Manager une transformation n’a rien d’intuitif.
Vous viendrait-il à l’esprit de prendre les commandes d’un A320, avec une justification autre qu’une compétence certifiée de pilotage de cet avion de ligne ? La question vous semble incongrue ? C’est pourtant précisément ce qui arrive quand un directeur de programme de transformation est nommé après avoir été sélectionné sur la base de critères inappropriés, comme l’ancienneté, le statut, la proximité avec le membre de la direction en charge du pilotage stratégique du programme (appelé « le sponsor »), la direction d’appartenance ou encore le prestige de sa formation initiale.
Trop souvent, la sélection du directeur de programme se fait de façon informelle.
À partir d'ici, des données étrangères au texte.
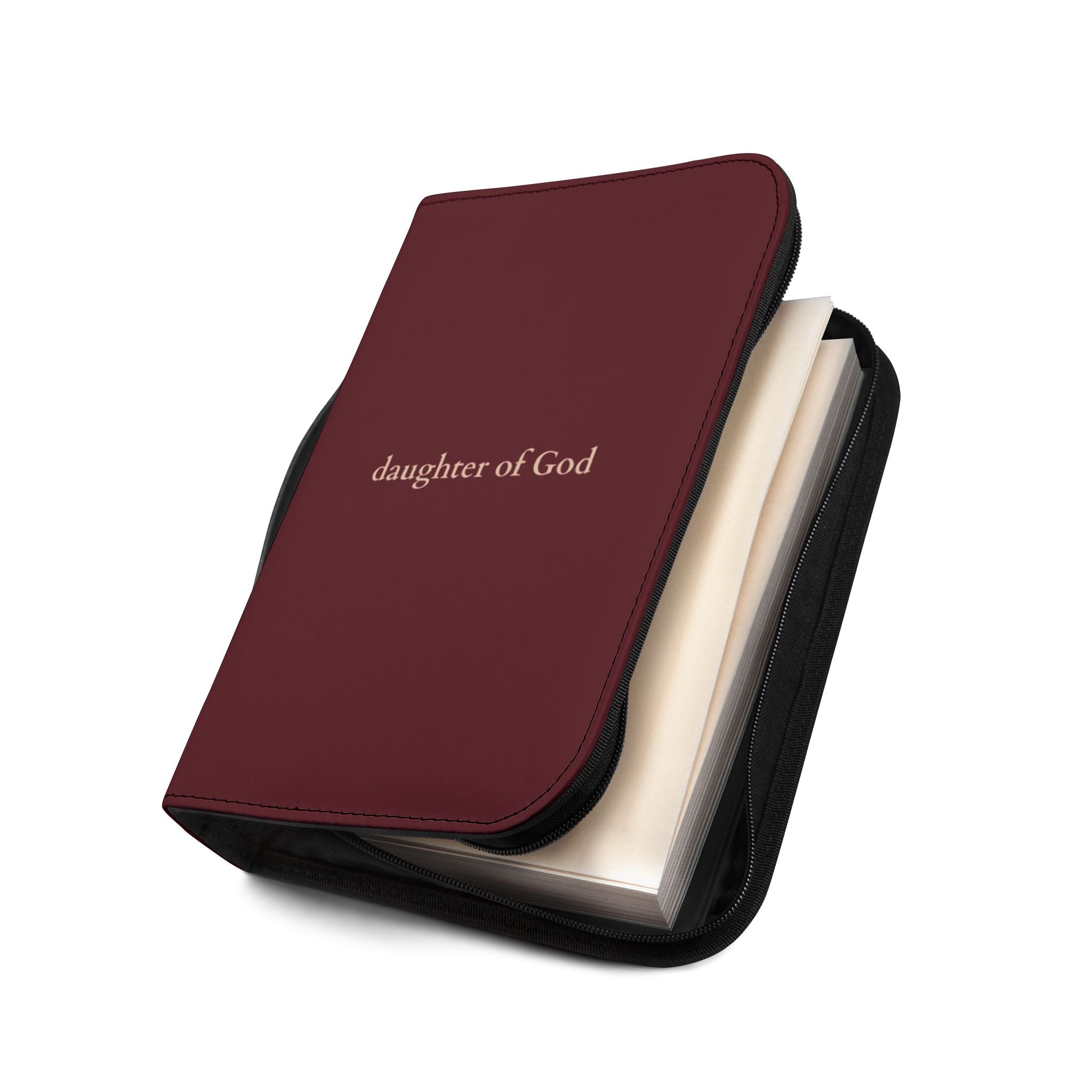 Daughter of God Zipper Bible Cover — Burgundy Case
Trop souvent, ce processus conduit des individus à prendre des responsabilités pour lesquelles ils ne sont pas armés. Et cela peut avoir des conséquences assez lourdes, tant pour eux que pour leurs équipes et l’entreprise dans son ensemble. Nous ne pouvons nous empêcher de penser ici à ce directeur d’une activité bancaire qui s’est retrouvé à la tête d’un programme de plusieurs dizaines de millions d’euros sans avoir dirigé un seul projet de sa vie. Imaginez le résultat si vous preniez les commandes d’un A320…
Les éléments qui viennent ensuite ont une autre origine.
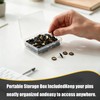 100 Pcs Black Drawing Pins Black Pins Round Head Metal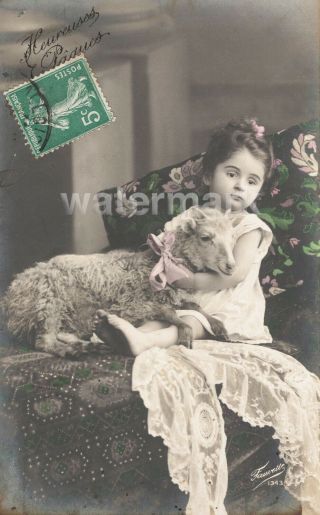 Vintage Real Photo Postcard Little Girl With Pet Lamb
Or ce genre de programme (qu’il s’agisse d’un changement de processus et de logiciel RH, de l’adaptation et de la digitalisation d’une offre de service, de la mise en conformité à une nouvelle réglementation, de l’intégration de l’intelligence artificielle dans les processus métier…) est d’autant plus délicat à organiser et à piloter qu’il transforme profondément le fonctionnement, les systèmes et la culture de l’entreprise. En assurer la direction requiert ainsi des compétences spécifiques.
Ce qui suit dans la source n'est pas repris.